→ HOW TO COMPLETE THIS TASK:
Set down the data below without change, skipping the pictures it holds.

→ DATA SECTION:

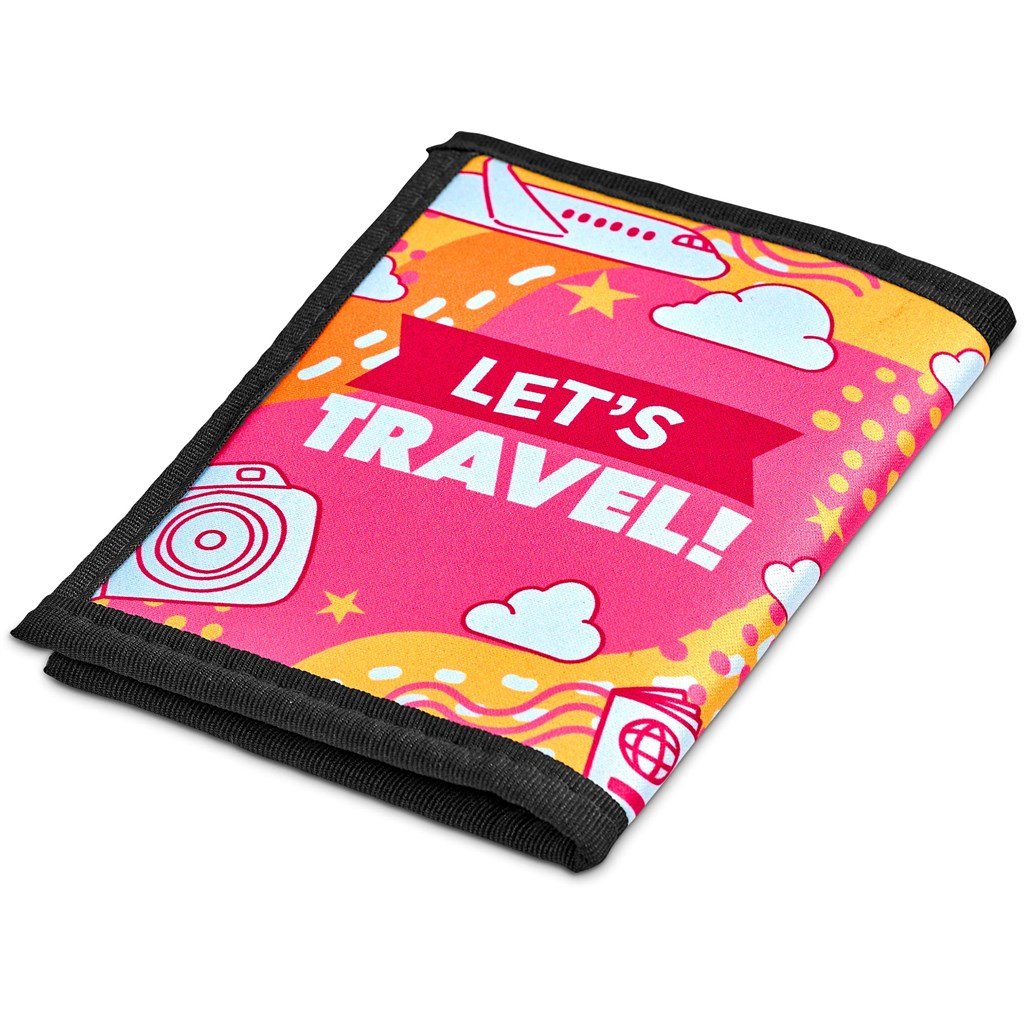 Pre-Printed Sample Custom Zambezi Neoprene Passport Cover BLACK - Travel Accessories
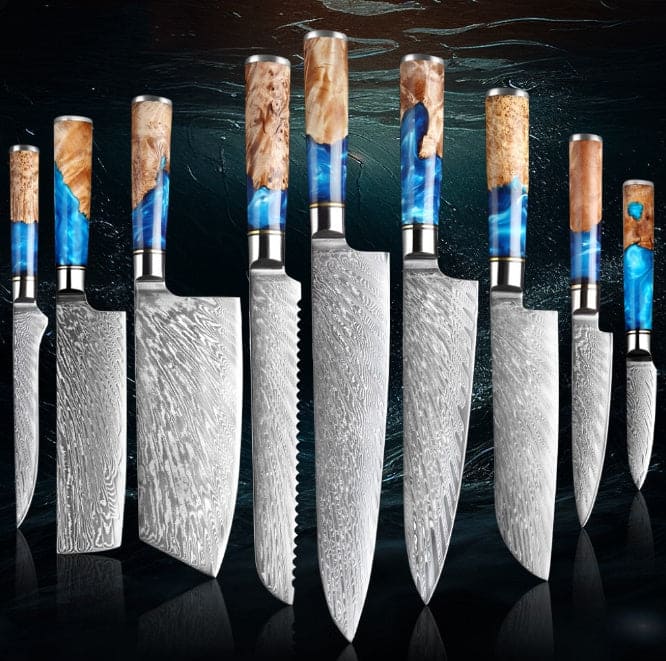 Set of 9 Japanese professional kitchen knives with 15cm Boning knife, 18cm Nakiri knife, 19cm Cleaver, 19cm Bread knife, 24cm Chef knife, 20cm Chef knife, 20cm Santoku knife, 12cm Universal knife and 9cm Paring knife on a dark background 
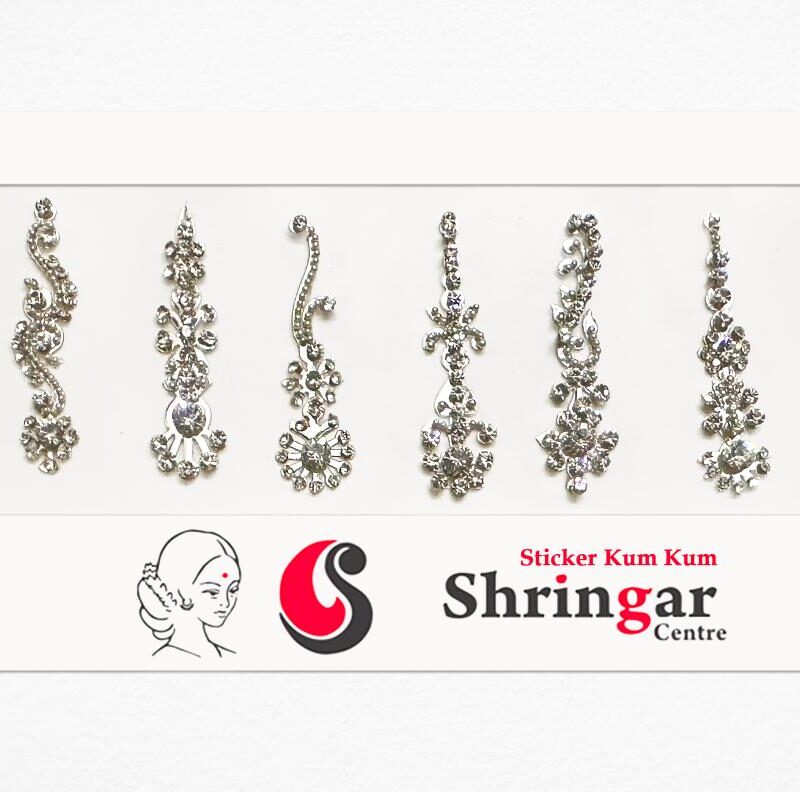 Fancy Bindi | Silver Beads Border (Set-1) - 3.5cm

→ ANSWER TO THIS PROBLEM:
 Pre-Printed Sample Custom Zambezi Neoprene Passport Cover BLACK - Travel Accessories
 Set of 9 Japanese professional kitchen knives with 15cm Boning knife, 18cm Nakiri knife, 19cm Cleaver, 19cm Bread knife, 24cm Chef knife, 20cm Chef knife, 20cm Santoku knife, 12cm Universal knife and 9cm Paring knife on a dark background 
 Fancy Bindi | Silver Beads Border (Set-1) - 3.5cm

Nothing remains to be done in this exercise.